RONDALE LEE CHAPMAN, PETITIONER,
v.
UNITED STATES OF AMERICA, RESPONDENT.



The opinion of the court was delivered by: J. Phil Gilbert District Judge

MEMORANDUM AND ORDER

This matter comes before the Court on petitioner Rondale Lee Chapman's motion to vacate, set aside or correct his sentence pursuant to 28 U.S.C. § 2255 and its supporting memorandum (Docs. 1 & 2). On July 7, 2011, the petitioner entered an open plea of guilty to three counts of production of child pornography in violation of 18 U.S.C. § 2251(a). The Court sentenced the petitioner to serve a total of 480 months in prison -- 300 months on Count 1 and 180 month on Counts 2 and 3, to be served concurrently with each other and consecutively to the term for Count 1. The petitioner appealed his conviction to the United States Court of Appeals for the Seventh Circuit, which on September 20, 2012, affirmed the Court's judgment. See United States v. Chapman, 694 F.3d 908 (7th Cir. 2012) (per curiam). The petitioner did not seek a writ of certiorari from the United States Supreme Court.

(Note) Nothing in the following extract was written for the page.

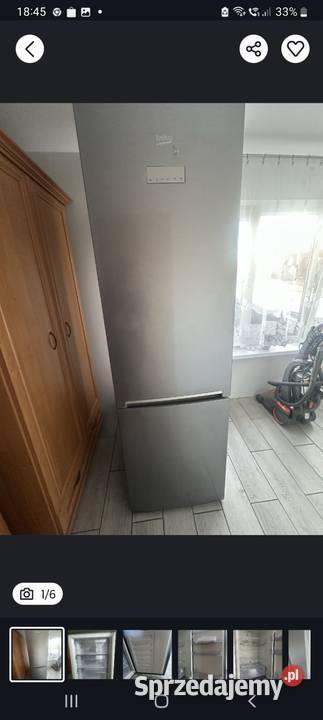 Lodówka Beko 2metry zapewniam transport Kórnik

In his § 2255 motion, the petitioner raises the following claims:

I. Ineffective assistance of counsel for failing to inform petitioner of the possibility of consecutive sentences for his three counts of conviction and for failing to provide a reasonably accurate estimate of his likely sentence before his guilty plea;

IIa. Ineffective assistance of counsel for failing to file a motion to suppress evidence seized from the petitioner's former home, and other evidence to which the seized evidence led, based on a warrant application that contained material omissions;

IIb. Ineffective assistance of counsel for failing to challenge the "chain of custody" of the videotape upon which the Government's case relied;

III. Petitioner's plea was involuntary because he was unaware of the possibility of consecutive sentence terms he could receive as a consequence of pleading guilty or the fact that he would have to register as a sex offender;

IV. Ineffective assistance of counsel on appeal for failing to challenge the Court's compliance with Federal Rule of Criminal Procedure 11 during petitioner's guilty plea.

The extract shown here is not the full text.